Pratiquement toute la production est achetée par l’État. En cette terre communiste, il y a peu de place à la mise en marché directe.

Toute entreprise commerciale est nécessairement une entreprise d’État.
Les producteurs sont néanmoins propriétaires de leurs terres, dont les superficies peuvent varier d’un à cinq hectares. Le tabac est la production la plus payante, notamment parce qu’elle sert à l’exportation.

Les tabaculteurs interrogés se sont dits satisfaits des montants payés pour leurs récoltes. Un agriculteur gagne néanmoins aussi peu que l’équivalent de 12$ par mois!

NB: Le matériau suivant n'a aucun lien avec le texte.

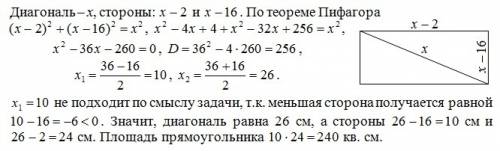 Діагональ прямокутника більша за його сторони на 2 і 16см. знайдіть площу прямокутника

C’est peu, surtout quand une paire de souliers ou un carrosse pour bébé coûtent 50$, m’a confié un jeune dont la conjointe était enceinte.

Un régime communiste

La plupart des denrées alimentaires sont disponibles à prix très modique. On se les procure avec un carnet de rationnement (huile, riz, fèves noires, etc). Certains aliments font régulièrement défaut, mais l’agriculteur s’en tire généralement bien, puisqu’il produit une bonne part de son alimentation (fruits, légumes, porc, poulet).

Comme tous les Cubains, les agriculteurs n’ont ni impôt, ni hypothèque à payer. Ils ont accès à des soins de santé universels et à l’éducation gratuite, incluant l’université. Ils vivent dans un pays sans extrême pauvreté, ni mortalité infantile. La drogue, le vol et les crimes violents n’existent à peu près pas. Les États-Unis, qui se refusent à tout échange commercial avec Cuba, peuvent difficilement se targuer d’en offrir autant à leur population!

Par contre, pour être des bons révolutionnaires, les Cubains doivent accepter de profondes limites à leur liberté d’expression, d’association, de mouvement et de commerce. Ce n’est pas demain que naîtra un mouvement populaire capable d’ébranler le président Raoul Castro et le Parti communiste cubain.

À coups de slogans, chacun est invité à poursuivre la lutte quotidienne pour survivre au blocus américain et faire triompher le socialisme. La révolution se poursuit!